Her cheeks flushed red, and he played back his words. Oh yikes. What had he just said? “I mean, in such a remote place. People will think this is some kind of—” He cut himself off.
Jia gave him a wary look. “Some kind of what?”
“Something . . . improper,” he repeated, because some kind of romantic rendezvous was stressful.
“Uh-huh. Except . . .” She glanced left, then right. “No one knows we’re here together. I don’t see any tabloid reporters, and I doubt there’s going to be any lurking in a town where there’s only one firefighter and one mechanic and they’re the same person.”

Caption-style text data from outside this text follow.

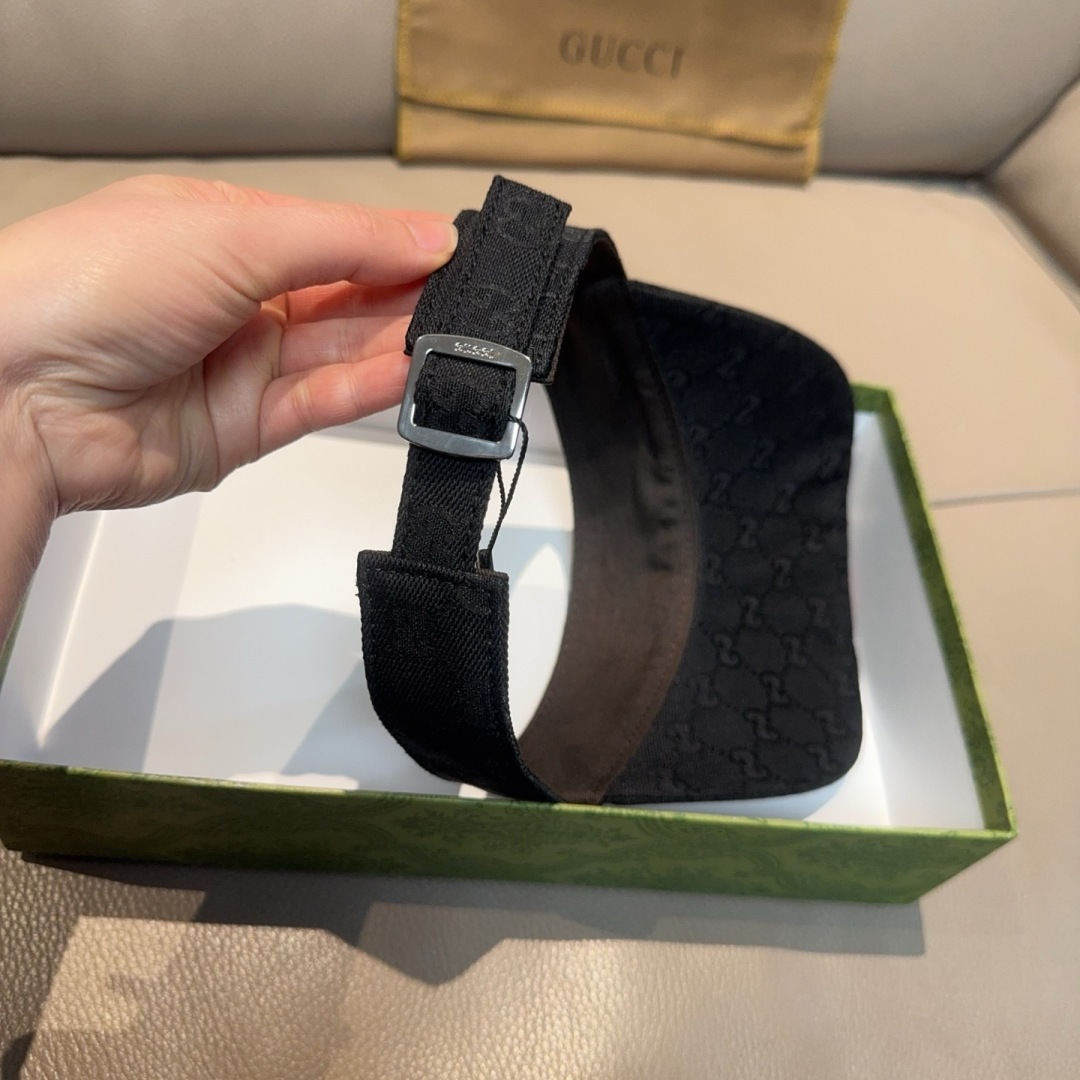 原单版本出货！配盒子布袋，Gucci(古奇)最新原单宽版织带空顶帽。专柜1:1开模订制，最高版本，原版帆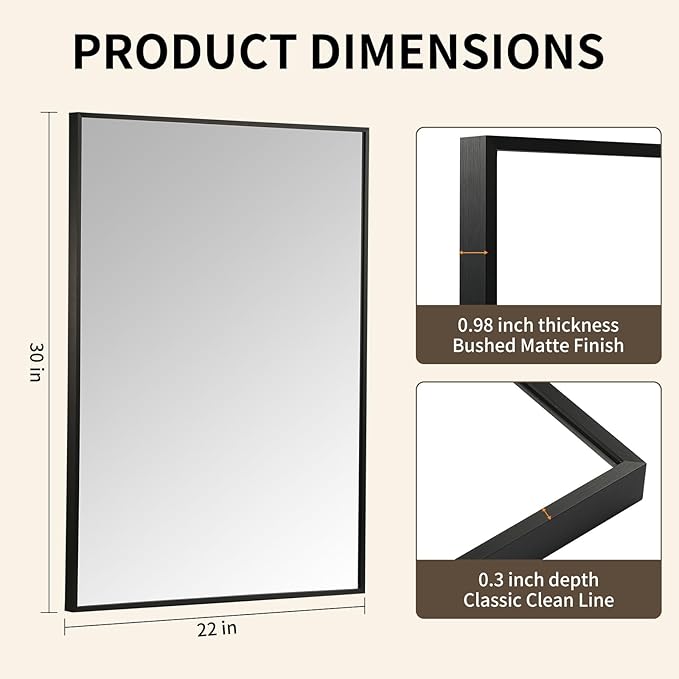 Matte Black Mirror, 22x30 Inch Aluminum Framed Rectangle Mirror, Anti-Rust, Tempered Glass, Square Corner Wall Mirror for Over Sink, Vanity, Bedroom, Entryway, Horizontal/Vertical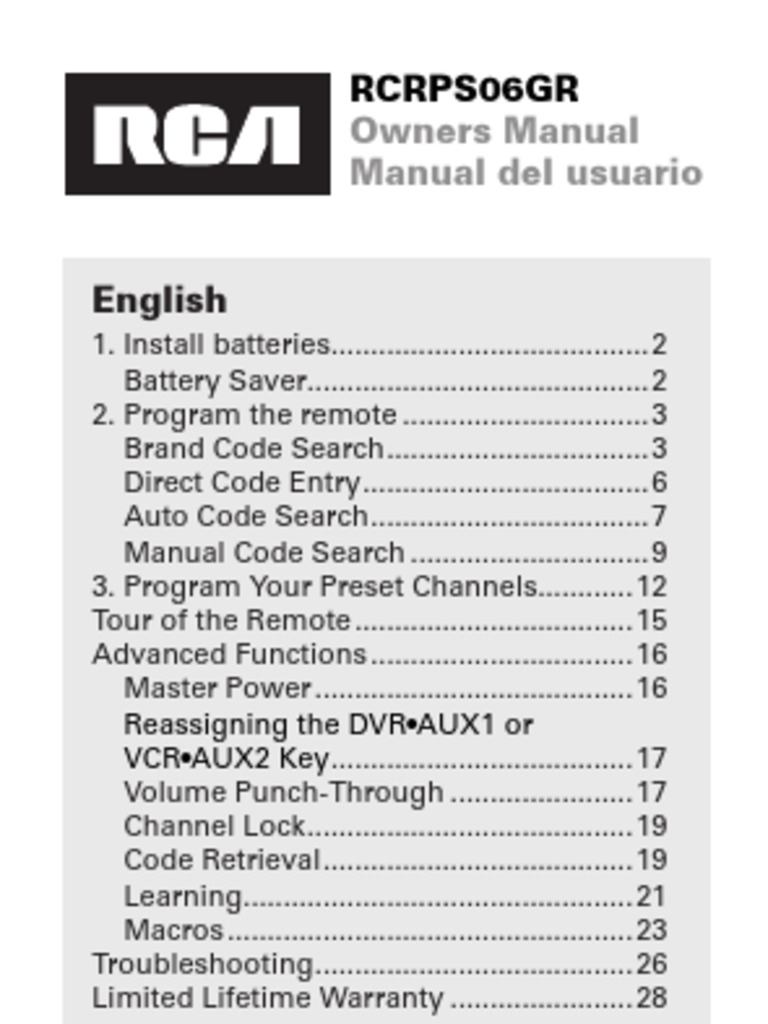 Universal Remote Programming Guide | PDF | Digital Video Recorder ...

“I suppose that’s true.” These were abnormal circumstances. She was right. No one knew about this and no one needed to know. As soon as they found service, he’d text Adil Uncle that he’d gone for a drive and had car trouble and that he’d be back as soon as possible, on the very slim chance that something came up with Luna at her sleepover. “I mean, it is true.”
“Good. Now let’s check out this hotel, and get a couple rooms for the night.”
Chapter Fifteen
“SORRY, WE only have one room left.”
Jia should have expected that one. One room left at the inn in a ghost town, why . . . that was exactly how her luck was shaping up.
The bar was on the first floor of the hotel. The place was only two stories, a half-dozen rooms max. It was completely empty, save for her, Dev, and the bartender slash hotel clerk. Who on earth was occupying these rooms? “One room,” Dev repeated.
The woman snapped her gum. Her skin was as weathered as the mechanic’s son they’d met a mile away. Jia hoped they were wearing sunscreen in this desert sun. “Pest control guy is doing routine treatments in our other rooms. We only got the one free.”